Aim of the exercise = What you return should be the lines from the one with "GARSONIERE ME QIRA 45 M2 BRRYLI 60.000 LEKE" through the one with "Foto del edificio" in the data below, reproduced exactly with both ends, and no pictures at all.

Records shown =

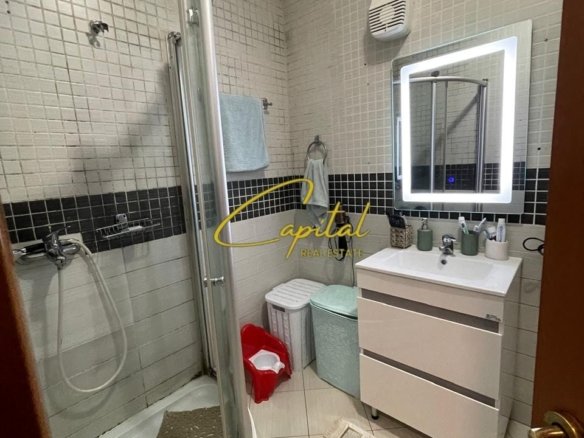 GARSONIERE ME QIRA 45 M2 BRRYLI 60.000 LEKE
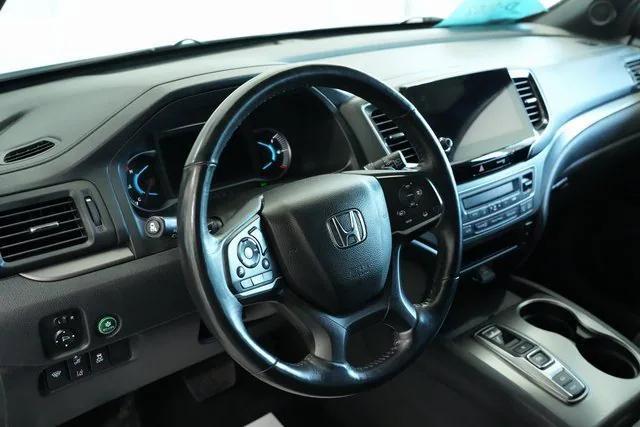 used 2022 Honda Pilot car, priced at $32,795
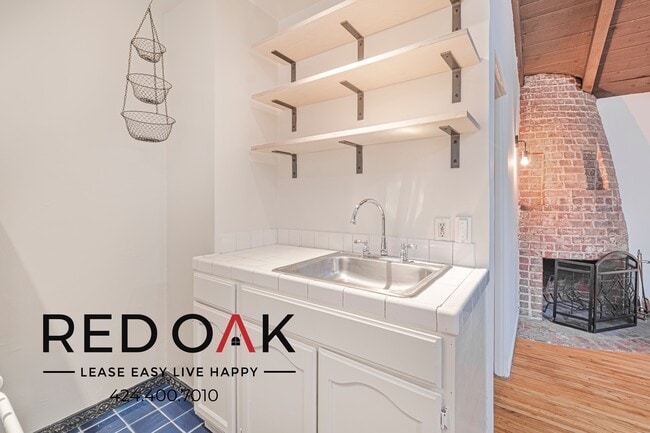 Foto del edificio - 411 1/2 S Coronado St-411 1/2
==
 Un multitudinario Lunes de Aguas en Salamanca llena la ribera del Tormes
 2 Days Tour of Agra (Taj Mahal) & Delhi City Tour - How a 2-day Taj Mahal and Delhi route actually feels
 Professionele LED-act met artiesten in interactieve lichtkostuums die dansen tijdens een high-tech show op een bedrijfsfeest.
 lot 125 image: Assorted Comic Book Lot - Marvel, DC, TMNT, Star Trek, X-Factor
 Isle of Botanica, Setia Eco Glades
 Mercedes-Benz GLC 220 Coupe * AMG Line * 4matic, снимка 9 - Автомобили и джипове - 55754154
* * *
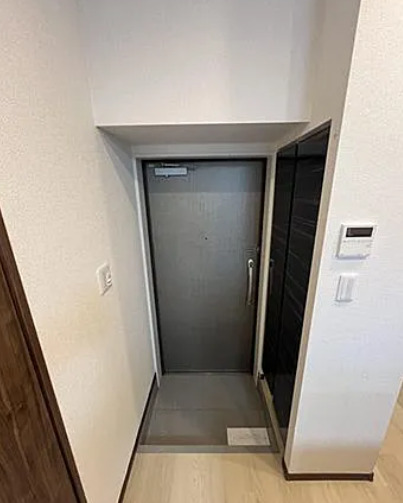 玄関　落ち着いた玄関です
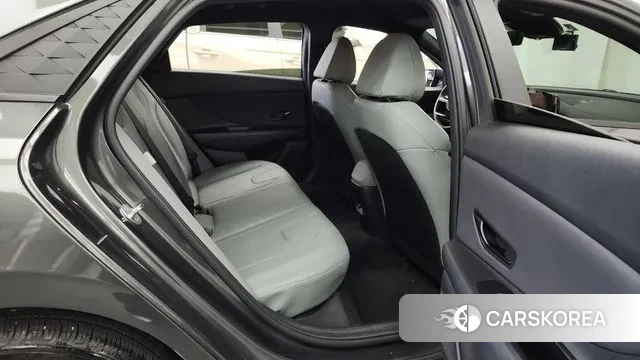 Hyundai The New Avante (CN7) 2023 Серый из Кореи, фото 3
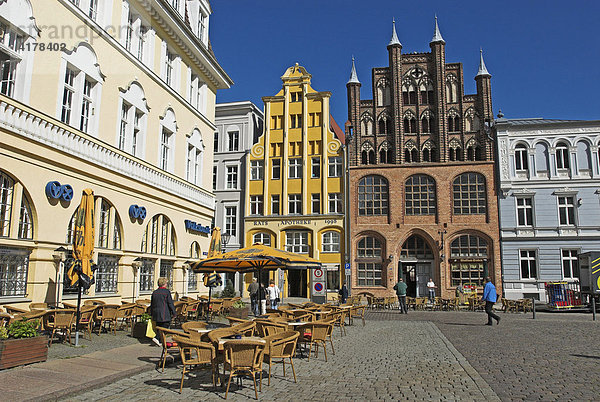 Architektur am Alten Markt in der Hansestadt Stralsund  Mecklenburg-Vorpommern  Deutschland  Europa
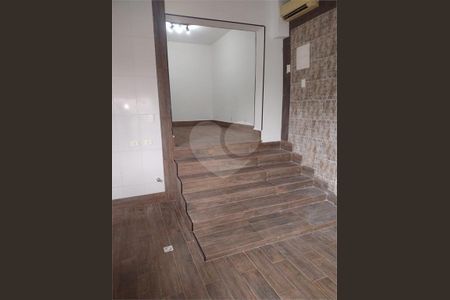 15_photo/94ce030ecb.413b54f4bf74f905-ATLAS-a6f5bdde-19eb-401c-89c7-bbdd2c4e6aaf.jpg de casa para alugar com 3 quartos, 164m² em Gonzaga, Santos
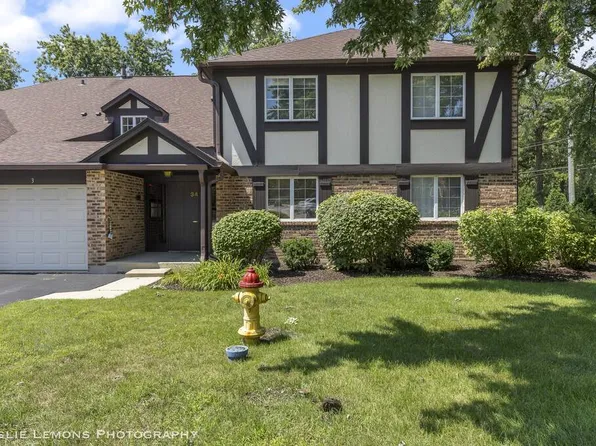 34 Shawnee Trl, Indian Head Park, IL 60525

Reply to the task =
 GARSONIERE ME QIRA 45 M2 BRRYLI 60.000 LEKE
 used 2022 Honda Pilot car, priced at $32,795
 Foto del edificio - 411 1/2 S Coronado St-411 1/2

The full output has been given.